Operations enable you to combine, filter, and transform your various sources of data into the new datasets you need for analysis.
Operations are applied in the Workbench of a Workspace and can only be applied to datasets created in that Workbench, not to references (What is a reference?). All operations already applied to a dataset are displayed in a stack in the asset toolbox, with the most recent on top.
Add a new operation to your active dataset (the one colored green in the Flow) by clicking the green button in the right-hand asset toolbox area and selecting the operation you want from the dialog that opens. You can also add an operation to any dataset in your Flow by right-clicking it and selecting the "Add Operation" option from the context menu.

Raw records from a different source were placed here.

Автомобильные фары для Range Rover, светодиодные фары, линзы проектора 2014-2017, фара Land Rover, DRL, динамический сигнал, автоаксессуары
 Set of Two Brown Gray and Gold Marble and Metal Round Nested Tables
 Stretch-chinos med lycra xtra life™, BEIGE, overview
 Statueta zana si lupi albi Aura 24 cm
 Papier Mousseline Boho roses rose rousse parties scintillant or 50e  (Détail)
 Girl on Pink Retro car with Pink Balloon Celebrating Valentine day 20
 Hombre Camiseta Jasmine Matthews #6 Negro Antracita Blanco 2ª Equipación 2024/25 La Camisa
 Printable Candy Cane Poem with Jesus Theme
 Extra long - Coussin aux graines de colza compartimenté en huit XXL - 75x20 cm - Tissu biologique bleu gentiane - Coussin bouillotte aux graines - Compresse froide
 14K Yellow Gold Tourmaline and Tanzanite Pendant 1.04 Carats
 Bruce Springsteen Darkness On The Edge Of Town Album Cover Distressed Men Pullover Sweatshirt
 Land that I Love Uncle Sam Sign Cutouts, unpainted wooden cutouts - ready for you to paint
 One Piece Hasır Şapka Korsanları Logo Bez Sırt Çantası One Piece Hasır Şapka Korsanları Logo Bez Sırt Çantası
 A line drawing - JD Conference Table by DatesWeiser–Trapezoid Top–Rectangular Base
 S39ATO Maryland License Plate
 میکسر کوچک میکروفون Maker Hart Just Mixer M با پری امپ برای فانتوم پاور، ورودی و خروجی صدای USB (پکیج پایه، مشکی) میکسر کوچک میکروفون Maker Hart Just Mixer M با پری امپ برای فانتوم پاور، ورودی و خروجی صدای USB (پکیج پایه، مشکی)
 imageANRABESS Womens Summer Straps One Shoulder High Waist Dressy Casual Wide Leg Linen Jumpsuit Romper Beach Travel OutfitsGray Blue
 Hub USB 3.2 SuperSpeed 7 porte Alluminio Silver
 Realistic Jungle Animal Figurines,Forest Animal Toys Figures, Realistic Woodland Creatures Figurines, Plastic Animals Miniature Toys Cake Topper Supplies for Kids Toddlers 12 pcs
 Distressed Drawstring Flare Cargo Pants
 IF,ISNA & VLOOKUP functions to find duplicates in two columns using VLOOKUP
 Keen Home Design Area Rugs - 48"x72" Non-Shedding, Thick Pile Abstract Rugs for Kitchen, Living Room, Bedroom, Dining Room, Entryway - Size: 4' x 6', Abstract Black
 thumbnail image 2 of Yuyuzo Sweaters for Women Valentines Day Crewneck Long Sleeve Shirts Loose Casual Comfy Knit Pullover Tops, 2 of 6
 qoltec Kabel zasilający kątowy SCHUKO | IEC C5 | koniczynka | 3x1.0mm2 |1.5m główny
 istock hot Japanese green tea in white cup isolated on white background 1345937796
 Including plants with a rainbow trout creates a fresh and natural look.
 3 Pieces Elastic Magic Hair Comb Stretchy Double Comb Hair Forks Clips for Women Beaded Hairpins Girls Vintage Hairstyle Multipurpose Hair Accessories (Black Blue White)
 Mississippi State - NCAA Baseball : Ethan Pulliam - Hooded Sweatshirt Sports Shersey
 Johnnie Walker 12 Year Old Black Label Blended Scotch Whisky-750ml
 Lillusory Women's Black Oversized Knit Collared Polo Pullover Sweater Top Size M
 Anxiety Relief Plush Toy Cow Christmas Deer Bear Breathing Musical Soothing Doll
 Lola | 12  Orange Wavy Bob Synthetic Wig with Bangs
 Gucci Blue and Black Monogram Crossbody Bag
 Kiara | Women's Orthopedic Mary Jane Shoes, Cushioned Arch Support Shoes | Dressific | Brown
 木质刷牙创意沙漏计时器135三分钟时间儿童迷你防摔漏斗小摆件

Delete an operation from the stack by moving your cursor over the operation you wish to delete and clicking the button that will appear to the right. Because each operation depends on the output of the operations below it, only the top operation can be deleted. If you need to delete an operation further down the stack, you must first delete the operations on top of it.
Examine an existing operation by clicking on it in the stack of operations underneath the button in the right-hand asset toolbox area. The most recently applied operations are on the top, the oldest on the bottom.
Modify an operation by clicking on it in the stack and changing the existing values. Note that changes will fail if they would cause errors in operations higher up the stack.
Each Spotlight operation is documented in the relevant section below.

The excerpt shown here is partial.